LISTED RECORDS ▸
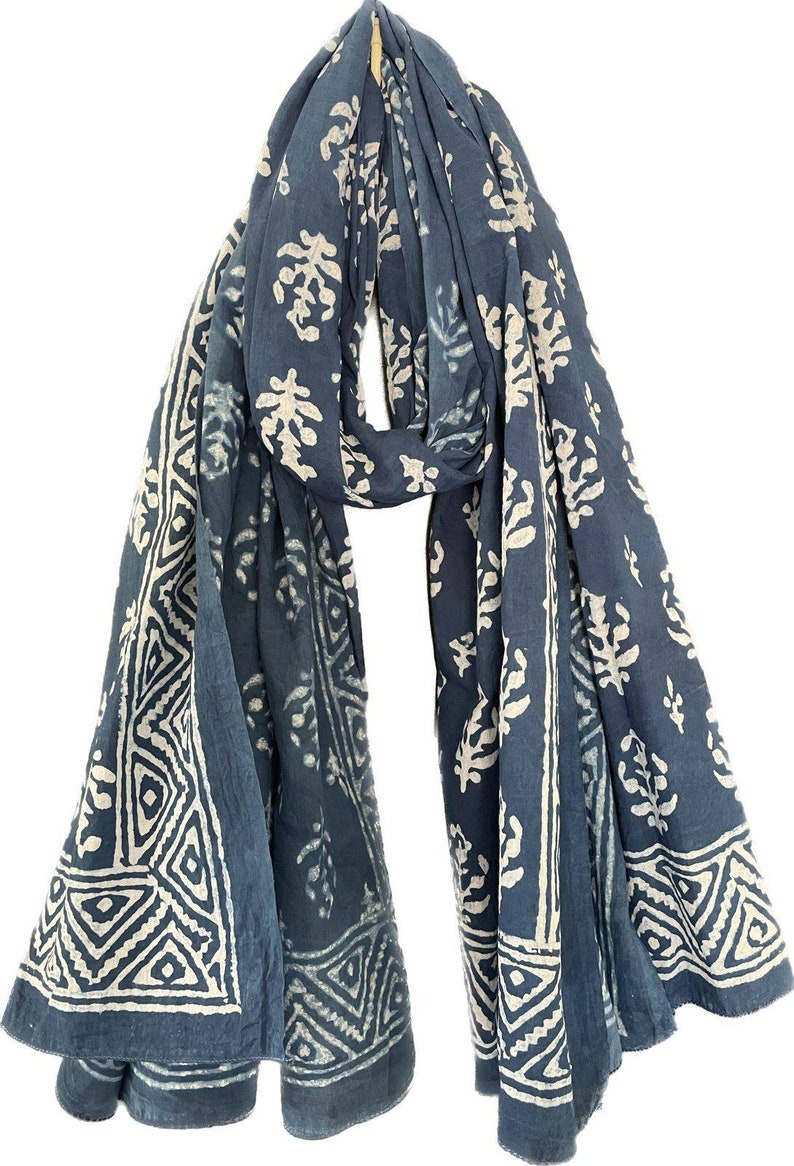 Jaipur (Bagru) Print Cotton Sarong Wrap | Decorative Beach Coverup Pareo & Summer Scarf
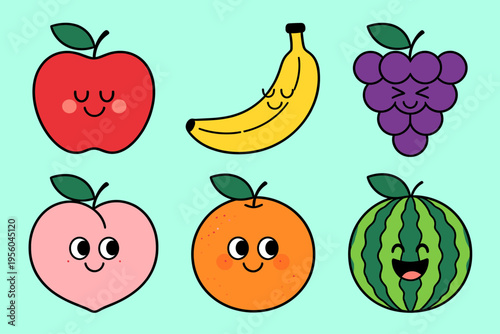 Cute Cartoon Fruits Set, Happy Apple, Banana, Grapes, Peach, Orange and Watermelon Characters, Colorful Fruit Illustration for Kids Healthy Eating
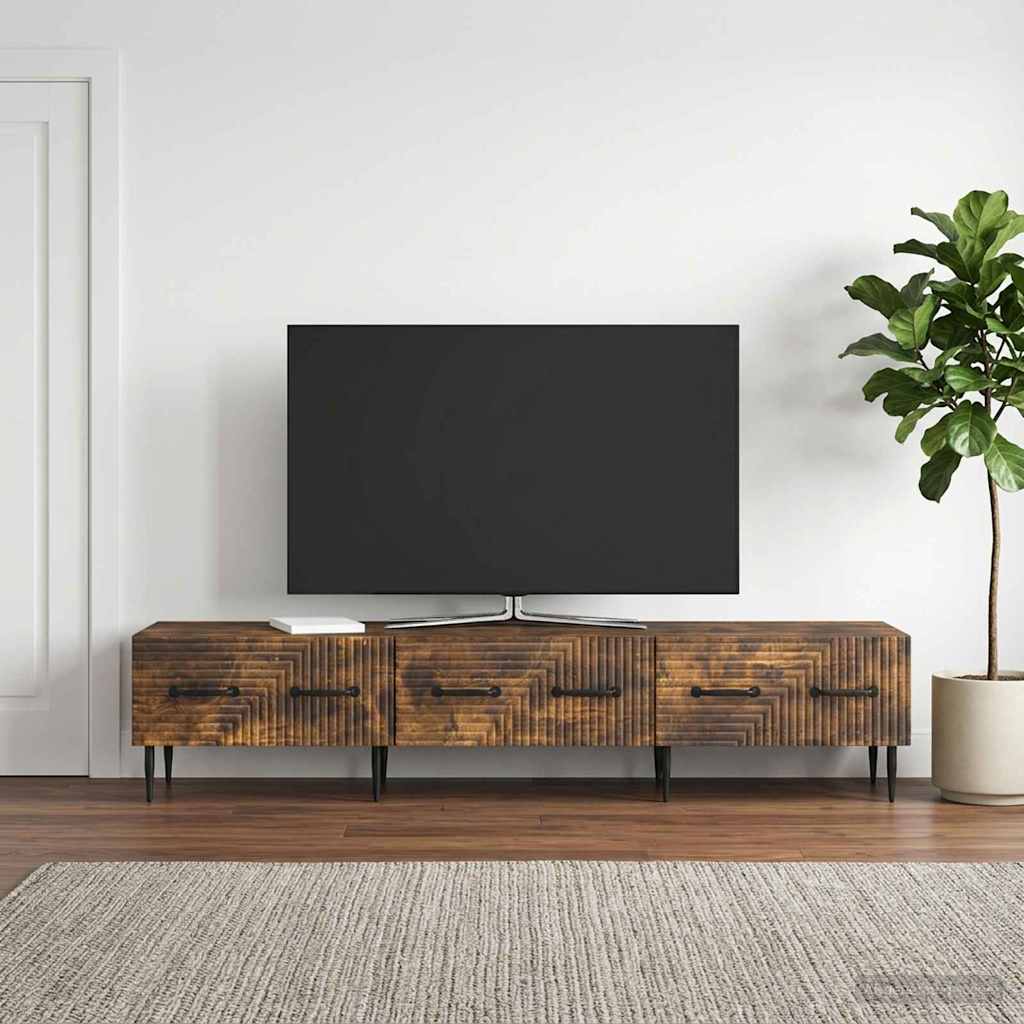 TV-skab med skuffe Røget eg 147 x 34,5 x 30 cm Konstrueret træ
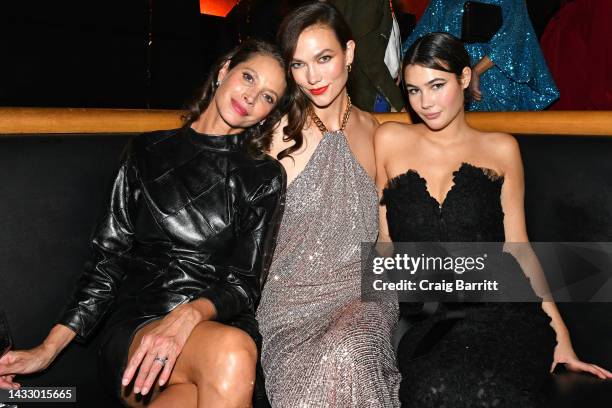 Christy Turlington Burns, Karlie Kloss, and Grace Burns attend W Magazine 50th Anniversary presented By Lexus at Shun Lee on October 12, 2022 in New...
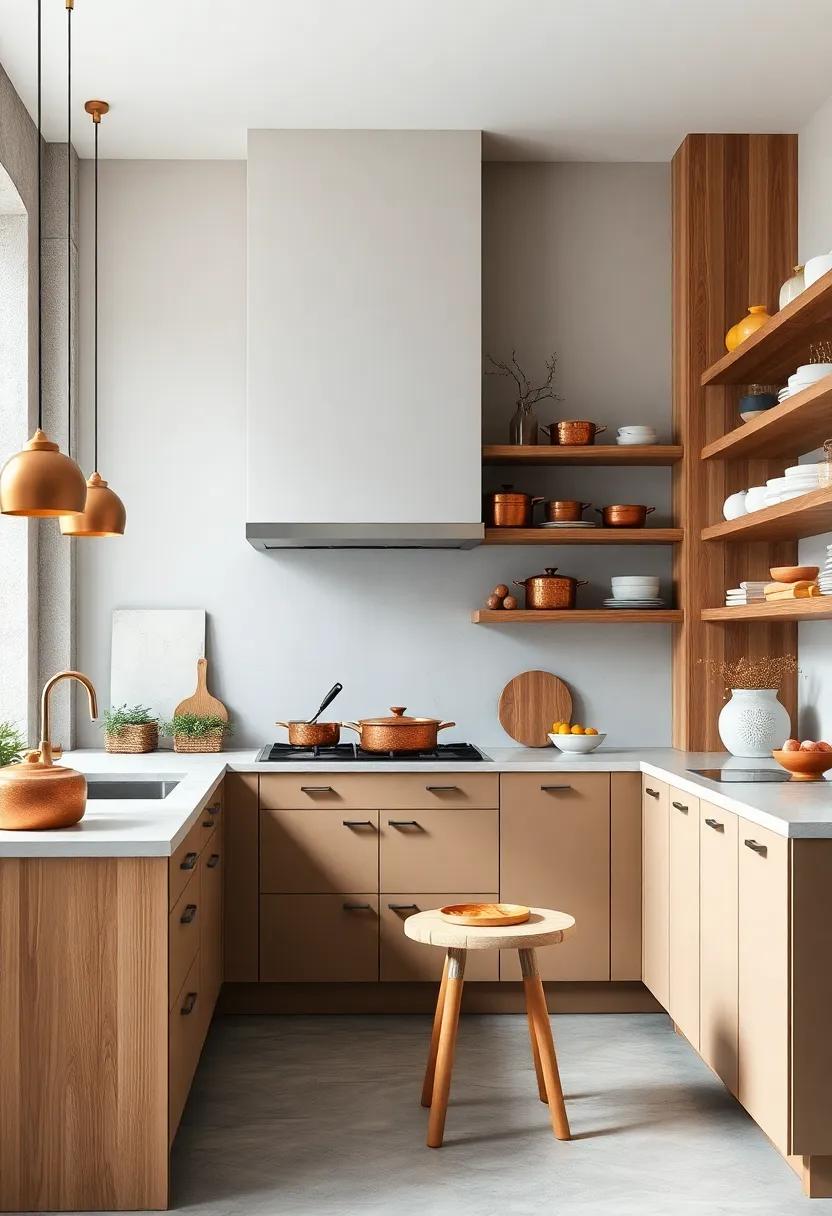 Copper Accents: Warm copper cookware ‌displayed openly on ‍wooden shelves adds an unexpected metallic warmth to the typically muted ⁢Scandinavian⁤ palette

* * *

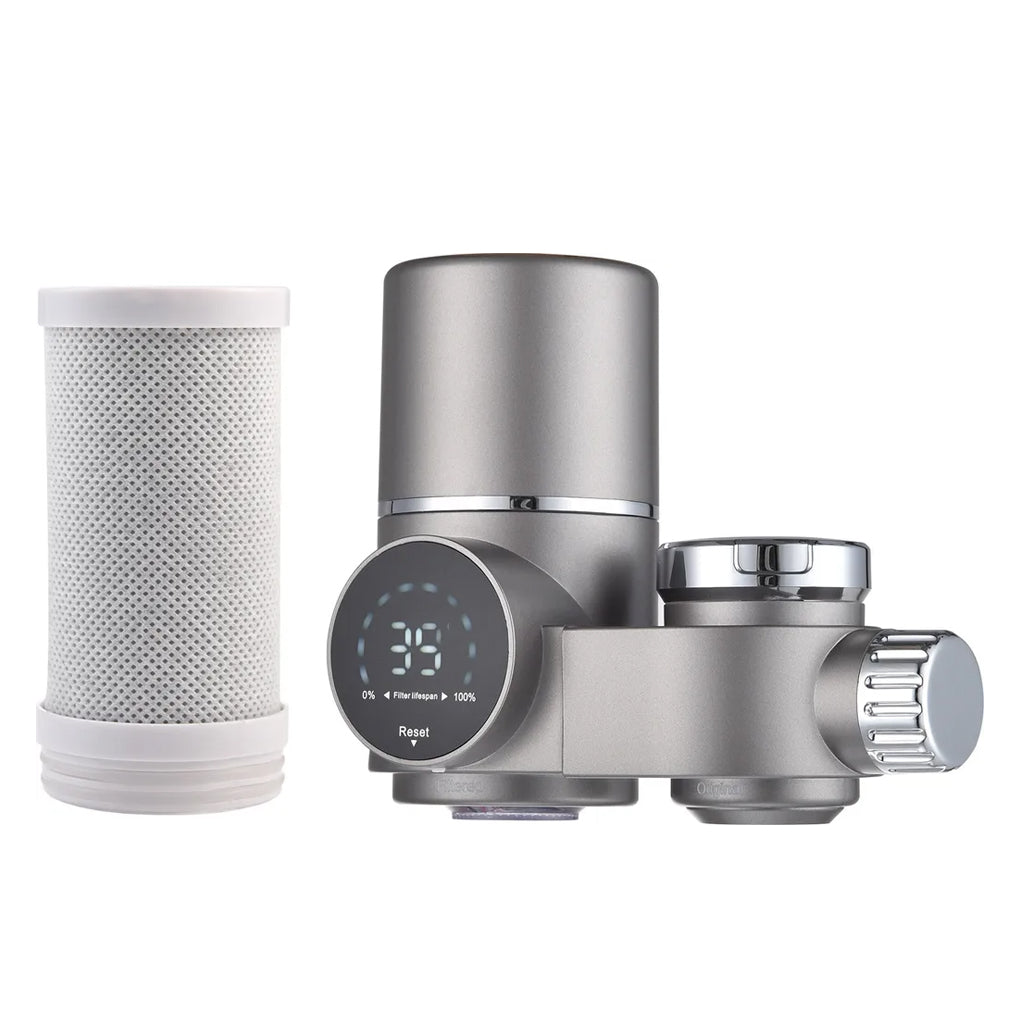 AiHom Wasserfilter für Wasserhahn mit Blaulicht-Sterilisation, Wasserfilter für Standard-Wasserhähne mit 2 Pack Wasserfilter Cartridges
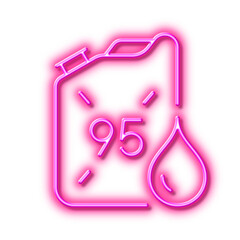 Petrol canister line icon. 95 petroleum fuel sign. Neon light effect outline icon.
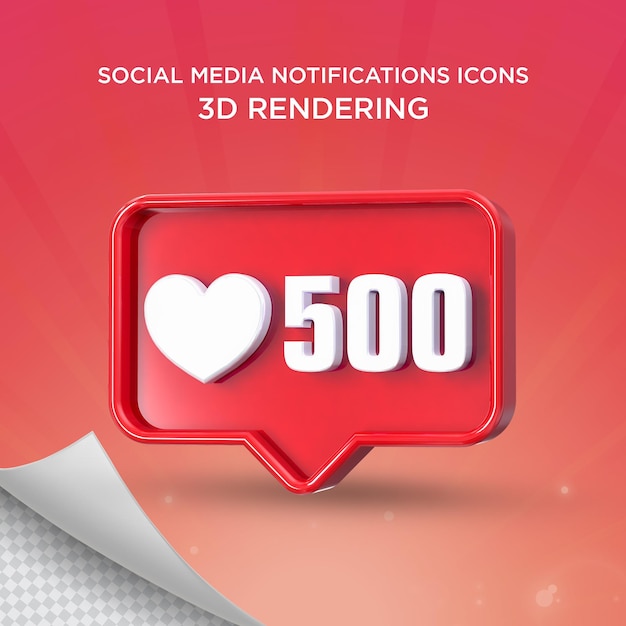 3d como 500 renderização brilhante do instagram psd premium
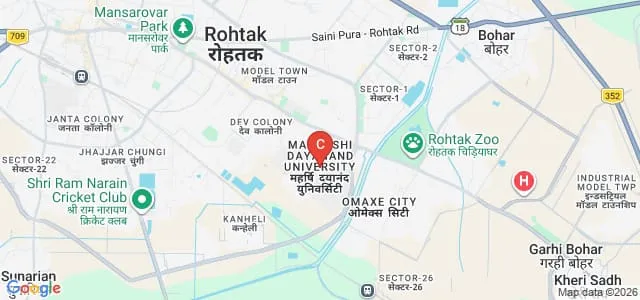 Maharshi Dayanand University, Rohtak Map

DESCRIPTION OF THE TASK ▸ Output exactly the stretch of the listing that begins at the line containing "Petrol canister line" and ends at the line containing "Maharshi Dayanand University, Rohtak Map", both kept. Omit pictures and everything else.

YOUR RESPONSE ▸
 Petrol canister line icon. 95 petroleum fuel sign. Neon light effect outline icon.
 3d como 500 renderização brilhante do instagram psd premium
 Maharshi Dayanand University, Rohtak Map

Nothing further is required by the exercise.